For many markets right now, regulations may be a bit of a knee-jerk reaction. This is because authorities have realised that some level of control is necessary regarding freelancers, but they do not really know exactly what these regulations need to be. However, as time goes on, authorities will learn to understand just how freelancing works and can develop more balanced regulations that will work for freelancers, their clients, and the economy as a whole.
How the Sharing Economy and Freelancing Are Evolving
Regulations have not kept up with the development of technology and its effect on the marketplace and the economy. There has not been enough attention paid to the protection of the freelancer and their client, or their impact on the economy.
A problem facing many freelancers is compensation. Seventy-six per cent of freelancers surveyed stated that they have had issues collecting money owed to them. According to the Freelancers Union, in 2014, lack of payment cost freelancers almost $6,000 each.
Steps have been taken to rectify this problem. In 2016, New York City Mayor Bill de Blasio signed the Freelance Isn’t Free Act into law. This legislation gives freelancers the right to full, timely payment and a written contract; it also protects them from retaliation from clients.

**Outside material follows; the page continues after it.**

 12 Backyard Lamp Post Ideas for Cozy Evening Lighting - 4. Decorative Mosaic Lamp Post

Slowly but surely, change is happening. It is a change that is necessary in order for freelancers to flourish, and also for their clients to understand exactly what is expected of them when they hire a freelancer.
Blockchain’s Role in the Disruption of the Sharing Economy
Blockchain is becoming popular because of its decentralised nature. Too often, when authority is centralised, it is abused. With the development of blockchain-based systems on the rise, it is slowly becoming easier for freelancers to cut out the middleman (for example, platforms such as Upwork and Fiverr), and find clients seeking their skills by themselves (thus, saving them money on intermediary fees).

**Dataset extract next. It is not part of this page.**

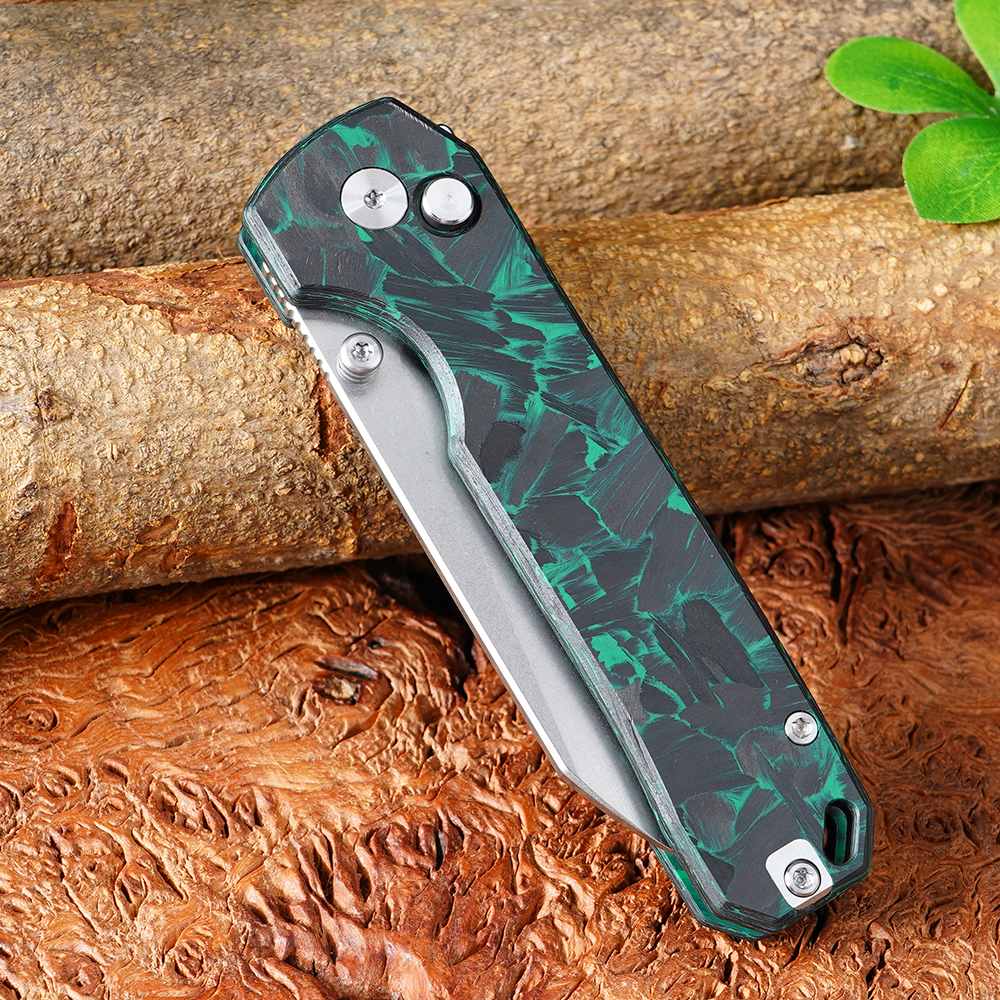 Tunaifire GT-T0070-3 Folding Knife VG10 Blade Luminous Carbon Fiber Handle Stone Wash Tactical Pocket Knife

Blockchain can take the sharing economy to the next level in a variety of ways. Firstly, blockchain-based systems can begin to solve the problem of clients not paying freelancers, and freelancers not completing tasks that they have been paid to do. It is very much a two-way street, and protection extends further than just the freelancer.
Since blockchain was designed to support cryptocurrencies, and as a secure method for financial transactions, ensuring that payment is completed is one of blockchain’s more foundational functions in the sharing economy. Payments are entered into blocks, with fees being so low as to be negligible (saving both parties money). Payment is also guaranteed because since smart contracts on blockchain-based systems are self-executing, freelancers and clients do not need to rely on a central authority to carry out payment.
Blockchain could potentially also protect clients from freelancers who might want to embellish their credentials and skills. The use of blockchain to verify freelancers’ stated skills is being explored and will save clients the stress of trying to figure out whether a resume is true or not, leading to better hiring outcomes.
Ready to Take the Sharing Economy by Storm
The sharing economy is poised for disruption, and it is coming soon. Freelancers and their clients seek better, fairer regulations to protect themselves in this diversified marketplace. The laws have not caught up with the newly developing market, and those in non-traditional jobs need better representation. Blockchain can help with protecting them by guaranteeing payment as long as services are rendered and keeps freelancers from falsifying their credentials. This will lead to more seamless, less stressful relationships between freelancers and their clients.